A nanny is a perfectly respectable private occupation, hired voluntarily by families to care for children. Being a nanny is not a legitimate function of government, that's the point of the distinction that I think you missed. Government should legitimately protect us from other people who risk our safety. Government should not be protecting us "from ourselves" and making personal choices for us in our day to day lives. Would you want the government making nutrition choices for you and banning certain foods? I don't see the difference between that and seat belt laws.

"the same with red light cameras that almost all studies I've seen indicate makes the streets safer"

No, sorry:
http://www.ridelust.com/red-light-cameras-just-dont-work/
http://arstechnica.com/tech-policy/news/2009/07/chicago-burb-ditches-red-light-cameras-no-safety-advantage.ars
http://hscweb3.hsc.usf.edu/health/now/?p=404

Red light cameras do nothing to improve safety at best and increase accidents at worst. They, like most traffic enforcement, are about revenue generation, not safety.

"There is no constitutional right to run red lights, I see no civil liberty issue there."

Obviously the issue is with the method of enforcement rather than the offense itself. And just because something is Constitutional doesn't make it okay.

"As for seat-belt use, I believe the data-based insurance industry is convinced they reduce injury severity and fatalities, and I have no reason not to believe that."

Nobody disputes that, it is simply irrelevant to what we are discussing: the legitimate role of government.

"Seat-belts: I used to ignore them until I rented a car in a foreign country that had a mandatory seat-belt law, and as a guest, I did want to follow their laws. So I got in the habit of using them, so am glad that such laws existed. That is the reality of how such laws can have an effect."

More irrelevancy.

"Since minorities get the same safety benefit from seat-belt use, I see no civil rights issue here."

Civil rights aren't just about protecting minorities from racial discrimination. They apply to every citizen in the US and are meant to protect us from overreaching government.
forsanri
breaking news
written by forsanri, March 14, 2010
a Rhode Island police officer can stop you at any time already for the following reasons:

"Were you text messaging on your phone?"
"You swerved a little on the road....are you ok?"
"I need to see your vehicle registration/inspection sticker/proof of insurance/drivers license, etc."

We just don't need another potential drug user/dealer to come and harass us on the road. Will Gablinske include accompanying legislation to require mandatory drug testing for police departments?
Bruce Reilly
Armed Drug Dealers
written by Bruce Reilly, March 14, 2010
DX, thanks for the link.

Forsanri: You might want to point out that (in this era of complete public confidence in the PD), these folks pulling people over are armed to the teeth, and have the authority to do just about anything under the banner of "reasonable suspicion."

Barry: To say "Since minorities get the same safety benefit from seat-belt use, I see no civil rights issue here." You either truly live in blissful ignorance or are being sarcastic. I don't know you well enough to say which it is. But as DX points out, Civil Rights are for all, holding major significance since the 18th century.

For Gablinske's own press conference to attempt an outflanking of the obvious Civil Rights implications proves that he realizes its a civil rights fiasco in the making... but we should bypass it in the name of safety.

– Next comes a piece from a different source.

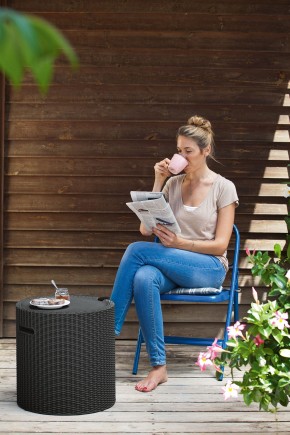 Столик-холодильник Кул-Стул (Cool stool) коричневый в Лесном - lesnoy.mebel24.online | фото 2
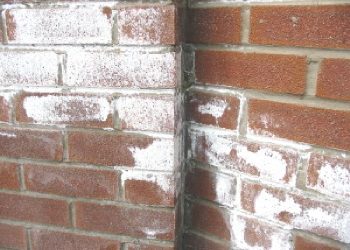 white stuff on bricks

What Ben Franklin say about safety?

(Maybe its just a huge conspiracy to get us to use mass transit?)
Bruce Reilly
So much for that bill
written by Bruce Reilly, March 27, 2010
I went to this hearing primarily so I could testify on the Racial Profiling bill. The Seatbelt Bill was pulled form the agenda!

What was still there: the "Inattentive Driving" bill.
One man testified in support. Rep. Newberry (Smithfield) made a few comments about how this bill was so inexact and vague, it probably had no chance of passing constitutional standards.

As the only person testifying in opposition, I merely seconded the Representative. Makes things easier.